When reported.ly launched in January last year, it was unique in its focus on social media platforms as a means for real-time reporting and live fact-checking.
Without a homepage (the reported.ly URL initially redirected to Medium), reported.ly published primarily to Twitter and Facebook, but also to other platforms including Instagram and Reddit.
With a team of around five people distributed across 10 timezones, reported.ly covered major international news stories, such as the Charlie Hebdo shooting less than 48 hours after its launch.
However, in August reported.ly's financial backer, First Look Media, announced it would no longer be funding the newswire, which suspended its operations on August 31.
While First Look still owns the rights to reported.ly – including all the content and social media accounts – founder and editor-in-chief Andy Carvin is attempting to negotiate a way to keep the project going.

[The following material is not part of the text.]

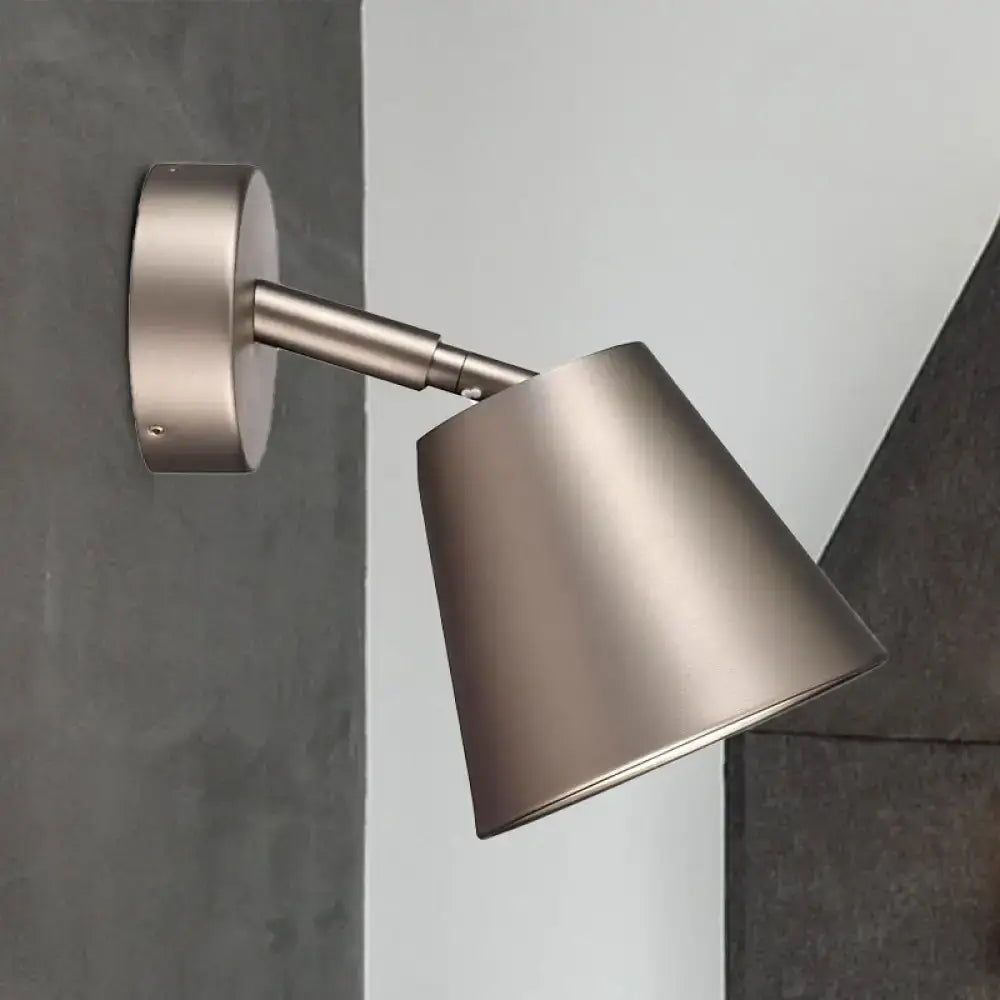 Modern brushed nickel tapered wall sconce bathroom light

Speaking at the ONA conference in Denver on 17 September, Carvin and the team talked about some of the lessons they learned in 20 months of working on the project.
On distributed platforms
The goal of reported.ly "was to really serve social communities, and be a part of those social communities to identify stories as they emerged," said Carvin.
However, with such a small team covering a wide scope of geographical areas and topics, reported.ly focused its efforts largely on Twitter and Facebook.

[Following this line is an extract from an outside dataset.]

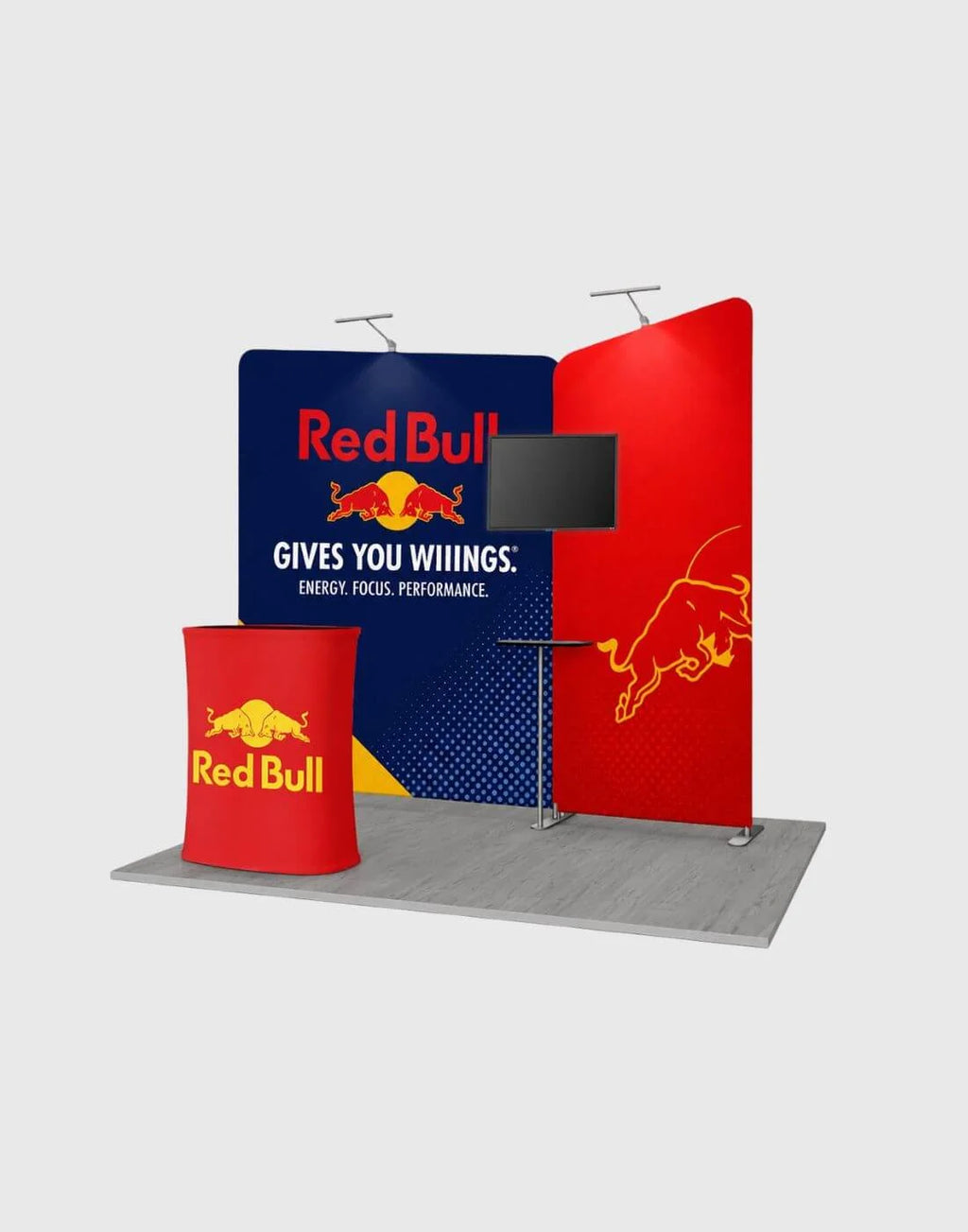 inclined wall trade show booth display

Carvin describes Twitter as reported.ly's workspace – "our real-time feed of everything going on" – while Facebook was a somewhat "slower jaunt" through the daily news, given that its algorithm isn't necessarily the fastest way to distribute content.
The reported.ly team also had high expectations for Reddit but, aside from a few projects on Reddit Live, found that they ran out of "head-space" to dedicate much time to it.
"Unfortunately we never got to engage the community there as much as we wanted to," Carvin said.
On sourcing stories
When sourcing stories and eyewitness media, deputy managing editor Kim Bui explained how reported.ly was careful to always show "empathy" for the people it was working with.
While understanding of social media ethics is growing, not all news outlets are considerate of a potential source's safety and wellbeing in the event of breaking news.
For example, during the Umpqua Community College shooting in October 2015, dozens of reporters contacted one eyewitness for information while the situation was still active.
When it came to requesting information on social media, Bui explained how reported.ly "didn't treat it like a transaction".
"It was always: 'We're going to work together on this, I'm going to help you tell this story better."
On graphic content
Reported.ly was one of the few news outlets to not publish the photo of three-year-old Syrian Aylan Kurdi, whose body washed up on a Turkish beach last September.
As it did with many instances of graphic content, reported.ly chose to describe the image rather than rebroadcasting it.
It should be noted, of course, that these decisions are not unique to reported.ly, but rather ones that all newsrooms often need to make when reporting breaking news.
"Values played an enormous role in the choices we made on graphic content," said reported.ly social journalist Marina Petrillo, adding that there's a balance to strike between protecting people and informing them.
Writing about the Aylan Kurdi decision, Carvin argued: "Maybe just once we could set aside these endless debates on what’s 'appropriate' to post online".
Update: This article was updated to correctly attribute a quote to Marina Petrillo.